Cusco’s main square beats to the sound of rhythmic flutes and drums. All day long, it seems, one group or another—a couple of quena players and a drummer—play while children dance. These rehearsals do not just take place in the city’s center, they happen where ever there is a school or a public space.

Beginning Thursday, Cusco’s center will be the stage, every day, for one set or another of Cusqueños to show off their collective prowess as interpreters of traditional dance and to show their place as part of the array of groups that make up Cusco, the city, and the region.

Children start learning to perform the steps and emote to the rhythms very early. While they may learn in their homes watching family members practice steps or try on typical costumes, they definitely learn once they begin attending daycare or kindergarten. 

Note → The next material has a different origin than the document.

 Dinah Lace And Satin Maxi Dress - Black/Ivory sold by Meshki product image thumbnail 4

Children rehearsing in the Plaza de Armas (David Knowlton)
Children rehearsing in the Plaza de Armas (David Knowlton)

These are the little children that have been working their steps, some haltingly and others more adroitly, to a drum and quena, traditional flute.

These children grow up in a city where the mall, with its focus on meeting individual dreams has become central, and reggaeton and English hip-hop on the radio.  They all celebrate individual accomplishment and love, the ostensible apotheosis of the self in another.

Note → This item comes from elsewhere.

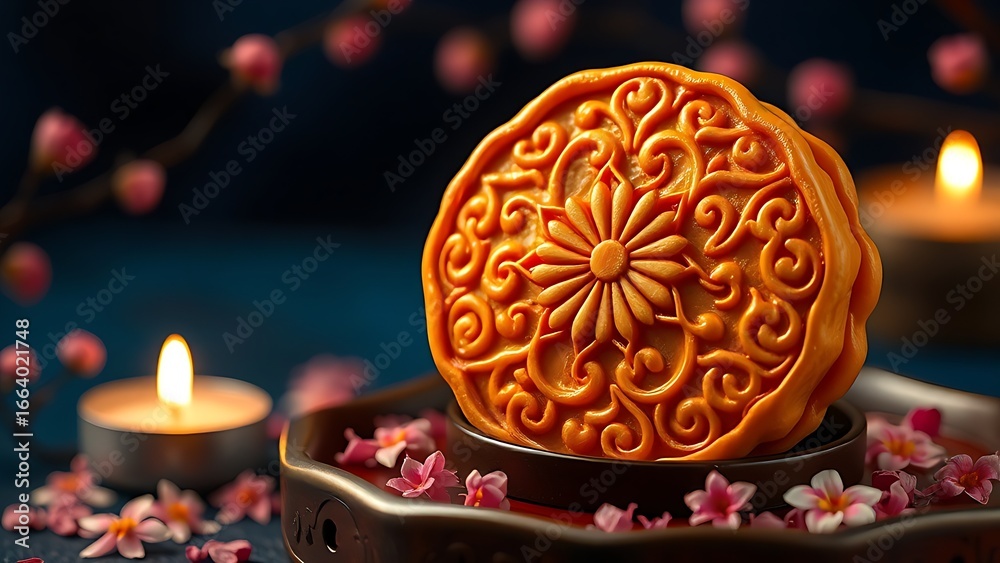 Fototapeta premium A golden mooncake with floral designs sits on a tray amid osmanthus blossoms.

Yet, in these rehearsals that tire them, they learn something else. They attune their bodies and selves to the notion of an identity for their city as something much more than an agglomeration of individuals. 

It is the “Imperial City”, the “Navel of the World” and they, even as little kids, bear a “millennial culture”. They are “Incas” and knowing how to perform typical dance proves it.

Besides learning these tokens and emblems of a collective culture deeply, in their limbs and lungs, they children also learn something else. They learn to dance uniformly, to make the same steps and turns to the pulses of the music. They perform in lines and as a collective body.

Sure, their families will be there watching them perform, and each mother will see in her child someone special. They will celebrate that their child started a public life in Cusco dancing around the plaza. Though this might seem individual, it is about connecting the child and their abilities and personality into the flow of groups that together make up this “great city”.  Being a Cusqueño is not a spectator sport nor a spectator culture, where you turn on the TV or Youtube and watch elites perform your culture for you. Instead, it requires your body, your heartbeat, and your actions in dance.

Children rehearsing in the Plaza de Armas (David Knowlton)
Children rehearsing in the Plaza de Armas (David Knowlton)

Individualism may be the game of the market economy, with a common, international set of dreams people can purchase and carry out, even if simply as a spectator, but in Cusco the local identity and culture is strong. It is about being more than an individual. It is about knowing the steps and choreography to dance together as a troupe. 

This togetherness and strong group identity, built into their muscles and bones, is what Cusco’s little children learn while trying to dance, getting corrected, and having back at it all the while the flute and drum play. Thursday, they will dance around the plaza before judges and the city.